Fil d'Ariane
Beyrouth, 14 février 2005. Une voiture bourrée de plusieurs centaines de kilos d’explosifs se désagrège sur le front de mer. Un immense cratère. Plus de vingt morts, dont la cible de l’attentat, l’ancien Premier ministre Rafic Hariri. En lutte contre la tutelle syrienne sur le Liban, il est une figure incontournable de la scène politique libanaise, artisan de la reconstruction de la capitale après quinze années de guerre civile.
L’assassinat de Rafic Hariri choque le monde entier et envoie dans l’arène politique son fils Saad Hariri, 35 ans, dont le destin était tout autre.

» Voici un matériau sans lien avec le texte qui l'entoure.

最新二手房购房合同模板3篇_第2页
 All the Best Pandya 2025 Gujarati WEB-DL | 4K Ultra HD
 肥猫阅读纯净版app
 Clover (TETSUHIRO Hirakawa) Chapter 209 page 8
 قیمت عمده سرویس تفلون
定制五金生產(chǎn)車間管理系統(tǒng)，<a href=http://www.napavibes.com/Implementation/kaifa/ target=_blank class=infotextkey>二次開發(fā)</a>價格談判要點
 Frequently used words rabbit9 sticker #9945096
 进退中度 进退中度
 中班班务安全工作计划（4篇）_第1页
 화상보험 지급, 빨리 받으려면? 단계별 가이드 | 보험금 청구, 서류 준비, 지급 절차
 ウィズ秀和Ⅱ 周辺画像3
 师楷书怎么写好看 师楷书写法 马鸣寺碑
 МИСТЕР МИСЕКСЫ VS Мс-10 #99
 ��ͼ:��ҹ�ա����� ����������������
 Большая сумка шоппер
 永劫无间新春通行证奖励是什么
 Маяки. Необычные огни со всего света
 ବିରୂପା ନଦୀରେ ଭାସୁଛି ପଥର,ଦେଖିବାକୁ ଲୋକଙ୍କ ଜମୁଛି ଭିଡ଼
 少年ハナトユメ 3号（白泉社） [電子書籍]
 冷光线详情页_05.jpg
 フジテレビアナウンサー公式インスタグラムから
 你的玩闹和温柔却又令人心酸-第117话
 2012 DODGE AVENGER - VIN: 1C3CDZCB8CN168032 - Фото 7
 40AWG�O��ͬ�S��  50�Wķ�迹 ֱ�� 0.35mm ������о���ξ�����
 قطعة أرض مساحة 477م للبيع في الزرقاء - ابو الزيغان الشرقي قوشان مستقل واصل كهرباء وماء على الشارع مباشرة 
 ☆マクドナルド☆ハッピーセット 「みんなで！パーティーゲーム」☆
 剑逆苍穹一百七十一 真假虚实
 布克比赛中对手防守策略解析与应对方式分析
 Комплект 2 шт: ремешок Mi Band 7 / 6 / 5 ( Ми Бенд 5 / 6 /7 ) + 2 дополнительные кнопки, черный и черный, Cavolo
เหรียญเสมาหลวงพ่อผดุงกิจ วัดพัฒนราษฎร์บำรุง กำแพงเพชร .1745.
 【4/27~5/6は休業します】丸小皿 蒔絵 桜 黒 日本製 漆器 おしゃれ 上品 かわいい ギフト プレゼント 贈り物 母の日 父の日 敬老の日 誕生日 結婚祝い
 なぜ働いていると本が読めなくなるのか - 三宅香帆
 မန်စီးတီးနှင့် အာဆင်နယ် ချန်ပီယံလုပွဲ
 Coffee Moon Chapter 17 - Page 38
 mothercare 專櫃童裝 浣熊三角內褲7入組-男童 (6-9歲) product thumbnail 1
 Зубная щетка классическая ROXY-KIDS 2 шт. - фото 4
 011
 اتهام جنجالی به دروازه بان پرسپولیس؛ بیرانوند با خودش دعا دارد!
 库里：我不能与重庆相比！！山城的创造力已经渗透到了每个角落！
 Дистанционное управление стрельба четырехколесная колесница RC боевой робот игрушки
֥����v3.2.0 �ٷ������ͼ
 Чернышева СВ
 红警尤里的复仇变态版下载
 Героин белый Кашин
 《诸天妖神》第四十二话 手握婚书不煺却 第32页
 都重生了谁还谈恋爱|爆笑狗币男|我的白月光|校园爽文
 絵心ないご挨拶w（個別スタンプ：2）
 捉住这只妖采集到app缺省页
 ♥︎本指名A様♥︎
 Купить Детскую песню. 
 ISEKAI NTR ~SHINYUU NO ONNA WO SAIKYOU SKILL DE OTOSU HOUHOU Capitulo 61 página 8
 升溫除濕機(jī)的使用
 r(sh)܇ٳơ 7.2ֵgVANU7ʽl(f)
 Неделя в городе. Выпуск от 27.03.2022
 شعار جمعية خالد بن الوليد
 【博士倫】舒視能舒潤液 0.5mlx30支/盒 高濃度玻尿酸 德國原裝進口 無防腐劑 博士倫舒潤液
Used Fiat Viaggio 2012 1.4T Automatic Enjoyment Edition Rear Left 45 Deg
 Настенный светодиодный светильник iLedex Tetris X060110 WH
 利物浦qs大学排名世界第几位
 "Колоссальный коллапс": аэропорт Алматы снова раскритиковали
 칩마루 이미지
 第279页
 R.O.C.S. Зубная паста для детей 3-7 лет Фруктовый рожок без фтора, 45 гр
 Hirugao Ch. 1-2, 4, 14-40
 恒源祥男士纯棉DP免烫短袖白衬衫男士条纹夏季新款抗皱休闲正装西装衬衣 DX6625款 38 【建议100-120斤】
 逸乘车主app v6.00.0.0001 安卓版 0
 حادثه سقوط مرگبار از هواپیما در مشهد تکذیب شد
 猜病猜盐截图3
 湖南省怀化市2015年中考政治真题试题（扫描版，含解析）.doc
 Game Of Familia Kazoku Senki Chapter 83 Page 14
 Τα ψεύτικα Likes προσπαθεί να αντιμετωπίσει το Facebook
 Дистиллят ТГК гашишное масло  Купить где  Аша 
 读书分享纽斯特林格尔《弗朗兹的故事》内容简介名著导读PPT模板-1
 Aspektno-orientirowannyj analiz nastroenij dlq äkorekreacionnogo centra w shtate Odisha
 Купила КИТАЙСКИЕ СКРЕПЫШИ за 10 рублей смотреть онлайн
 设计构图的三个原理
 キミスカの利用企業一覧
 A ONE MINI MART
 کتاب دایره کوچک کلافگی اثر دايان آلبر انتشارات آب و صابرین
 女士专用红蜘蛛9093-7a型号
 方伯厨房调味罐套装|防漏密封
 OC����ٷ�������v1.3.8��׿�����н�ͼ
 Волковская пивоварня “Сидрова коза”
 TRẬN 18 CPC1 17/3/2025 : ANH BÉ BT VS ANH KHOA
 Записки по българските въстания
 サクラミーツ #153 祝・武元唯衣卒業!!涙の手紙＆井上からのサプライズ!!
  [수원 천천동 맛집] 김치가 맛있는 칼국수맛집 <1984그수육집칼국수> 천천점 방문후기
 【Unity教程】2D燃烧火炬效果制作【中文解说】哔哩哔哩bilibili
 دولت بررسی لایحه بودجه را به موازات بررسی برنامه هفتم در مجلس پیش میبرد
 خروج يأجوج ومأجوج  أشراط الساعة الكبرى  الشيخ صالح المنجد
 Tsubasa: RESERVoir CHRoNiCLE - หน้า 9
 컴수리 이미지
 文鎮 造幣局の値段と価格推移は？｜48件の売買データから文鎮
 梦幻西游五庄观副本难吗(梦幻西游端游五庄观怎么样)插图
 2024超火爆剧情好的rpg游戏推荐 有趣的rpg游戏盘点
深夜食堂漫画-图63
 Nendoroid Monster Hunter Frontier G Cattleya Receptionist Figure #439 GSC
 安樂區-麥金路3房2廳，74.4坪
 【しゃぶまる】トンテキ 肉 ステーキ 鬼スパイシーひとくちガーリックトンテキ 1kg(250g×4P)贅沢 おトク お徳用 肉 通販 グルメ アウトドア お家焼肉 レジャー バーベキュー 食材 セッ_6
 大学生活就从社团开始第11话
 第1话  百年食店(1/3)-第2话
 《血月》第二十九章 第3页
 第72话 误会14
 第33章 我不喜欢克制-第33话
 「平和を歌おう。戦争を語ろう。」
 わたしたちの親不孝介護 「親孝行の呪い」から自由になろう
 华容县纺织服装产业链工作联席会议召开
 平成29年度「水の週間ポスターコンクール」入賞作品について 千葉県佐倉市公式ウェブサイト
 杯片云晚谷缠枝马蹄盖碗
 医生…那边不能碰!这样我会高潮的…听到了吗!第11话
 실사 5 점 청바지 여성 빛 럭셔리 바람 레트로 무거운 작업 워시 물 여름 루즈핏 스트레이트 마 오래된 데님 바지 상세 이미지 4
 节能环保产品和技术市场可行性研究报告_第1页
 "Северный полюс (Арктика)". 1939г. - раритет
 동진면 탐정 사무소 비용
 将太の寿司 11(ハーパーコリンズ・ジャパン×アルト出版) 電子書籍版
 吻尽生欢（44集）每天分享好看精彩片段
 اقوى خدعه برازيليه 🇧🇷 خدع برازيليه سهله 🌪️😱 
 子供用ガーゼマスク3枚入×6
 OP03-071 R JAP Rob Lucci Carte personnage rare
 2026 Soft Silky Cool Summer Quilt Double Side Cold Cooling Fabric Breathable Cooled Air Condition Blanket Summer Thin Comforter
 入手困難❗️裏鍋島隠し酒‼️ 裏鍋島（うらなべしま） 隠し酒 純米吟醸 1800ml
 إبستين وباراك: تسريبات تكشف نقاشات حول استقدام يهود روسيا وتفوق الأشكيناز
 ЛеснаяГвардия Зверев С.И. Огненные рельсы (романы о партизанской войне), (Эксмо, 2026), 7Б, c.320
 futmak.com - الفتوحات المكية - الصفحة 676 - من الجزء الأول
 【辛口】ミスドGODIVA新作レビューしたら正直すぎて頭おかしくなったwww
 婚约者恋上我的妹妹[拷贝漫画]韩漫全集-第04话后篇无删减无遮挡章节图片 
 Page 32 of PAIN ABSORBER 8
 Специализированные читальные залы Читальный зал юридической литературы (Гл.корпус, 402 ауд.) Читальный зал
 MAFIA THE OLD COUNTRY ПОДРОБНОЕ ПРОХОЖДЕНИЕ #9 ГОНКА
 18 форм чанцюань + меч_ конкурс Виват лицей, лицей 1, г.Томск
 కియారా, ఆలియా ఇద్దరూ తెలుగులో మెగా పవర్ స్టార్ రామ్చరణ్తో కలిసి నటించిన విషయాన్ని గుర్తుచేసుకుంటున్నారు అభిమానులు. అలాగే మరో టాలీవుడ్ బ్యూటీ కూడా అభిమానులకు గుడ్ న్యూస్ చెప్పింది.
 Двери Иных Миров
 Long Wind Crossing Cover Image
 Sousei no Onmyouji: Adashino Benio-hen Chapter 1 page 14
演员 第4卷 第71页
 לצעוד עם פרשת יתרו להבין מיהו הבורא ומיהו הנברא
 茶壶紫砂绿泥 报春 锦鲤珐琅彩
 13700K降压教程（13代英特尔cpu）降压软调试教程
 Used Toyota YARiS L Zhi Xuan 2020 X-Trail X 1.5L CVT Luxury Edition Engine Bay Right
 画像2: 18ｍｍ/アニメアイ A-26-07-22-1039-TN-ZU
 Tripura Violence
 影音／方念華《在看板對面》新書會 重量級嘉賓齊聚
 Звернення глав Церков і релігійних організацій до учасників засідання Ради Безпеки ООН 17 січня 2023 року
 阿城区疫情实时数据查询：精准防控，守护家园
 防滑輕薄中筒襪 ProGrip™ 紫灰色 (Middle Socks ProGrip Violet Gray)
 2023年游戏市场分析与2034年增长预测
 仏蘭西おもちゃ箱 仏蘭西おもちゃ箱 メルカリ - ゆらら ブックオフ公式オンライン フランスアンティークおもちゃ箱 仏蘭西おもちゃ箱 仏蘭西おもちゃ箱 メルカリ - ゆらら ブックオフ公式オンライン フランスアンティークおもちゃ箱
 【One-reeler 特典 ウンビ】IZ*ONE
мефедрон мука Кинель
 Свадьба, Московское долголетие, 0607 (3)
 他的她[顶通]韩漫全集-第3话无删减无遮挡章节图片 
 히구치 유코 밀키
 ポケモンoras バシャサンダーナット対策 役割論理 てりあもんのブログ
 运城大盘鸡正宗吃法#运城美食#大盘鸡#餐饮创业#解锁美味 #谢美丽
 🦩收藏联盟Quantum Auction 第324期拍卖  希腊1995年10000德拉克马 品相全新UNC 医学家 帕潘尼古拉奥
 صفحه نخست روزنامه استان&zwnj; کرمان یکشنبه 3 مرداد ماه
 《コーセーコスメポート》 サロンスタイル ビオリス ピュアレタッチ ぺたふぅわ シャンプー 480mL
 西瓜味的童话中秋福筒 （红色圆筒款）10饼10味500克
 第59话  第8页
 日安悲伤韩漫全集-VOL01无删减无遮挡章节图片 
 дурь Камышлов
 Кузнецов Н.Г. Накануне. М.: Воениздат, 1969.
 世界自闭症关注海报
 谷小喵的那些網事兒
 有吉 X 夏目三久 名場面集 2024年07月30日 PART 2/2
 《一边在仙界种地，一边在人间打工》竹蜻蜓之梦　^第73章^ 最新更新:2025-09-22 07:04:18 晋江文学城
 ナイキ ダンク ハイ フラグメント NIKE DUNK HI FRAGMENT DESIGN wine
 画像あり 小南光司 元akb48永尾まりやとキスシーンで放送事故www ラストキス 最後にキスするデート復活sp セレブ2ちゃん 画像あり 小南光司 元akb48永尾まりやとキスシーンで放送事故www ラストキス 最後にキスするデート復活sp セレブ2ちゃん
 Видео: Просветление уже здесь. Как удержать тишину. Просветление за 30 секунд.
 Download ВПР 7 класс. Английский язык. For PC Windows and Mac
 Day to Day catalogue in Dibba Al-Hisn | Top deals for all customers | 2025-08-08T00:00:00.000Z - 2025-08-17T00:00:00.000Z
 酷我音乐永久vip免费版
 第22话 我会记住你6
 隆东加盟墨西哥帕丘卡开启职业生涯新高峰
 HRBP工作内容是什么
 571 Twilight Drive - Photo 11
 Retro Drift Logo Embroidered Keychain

En 2005, Saad Hariri est chef d’entreprise. Il a hérité 11 ans plus tôt de l’empire industriel de son père, le groupe Saudi Oger, spécialisé dans la construction.
Né à Riyad en Arabie saoudite en 1970, Saad Hariri est libanais mais possède aussi les nationalités saoudienne et française. Son arrivée en politique est le fruit d’un accord familial. Il s’agit, à l’époque, de reprendre le flambeau de son père.
12 mai 2005. Deux mois après l'assassinat de son père, Saad Hariri se lance en politique avec pour objectif d'être élu à sa place au Parlement.
Dans le système confessionnel libanais, le président doit être un chrétien maronite, le président du Parlement doit être chiite et le Premier ministre sunnite. L’ambition de Hariri est alors de prendre la tête du gouvernement. Mais comme au Liban rien n’est simple, c’est en nouant une alliance avec le puissant Hezbollah que Saad Hariri met sur pieds un gouvernement d’union en 2009. L’union tiendra à peine plus d’un an. Début 2011, le mouvement chiite claque la porte. Ses ministres démissionnent, agacés par les accusations à leur encontre dans l’enquête sur l’assassinat de Hariri père. Saad Hariri laisse la place à Najib Mikati quelques mois plus tard et entame une traversée du désert qu’il passera notamment en France.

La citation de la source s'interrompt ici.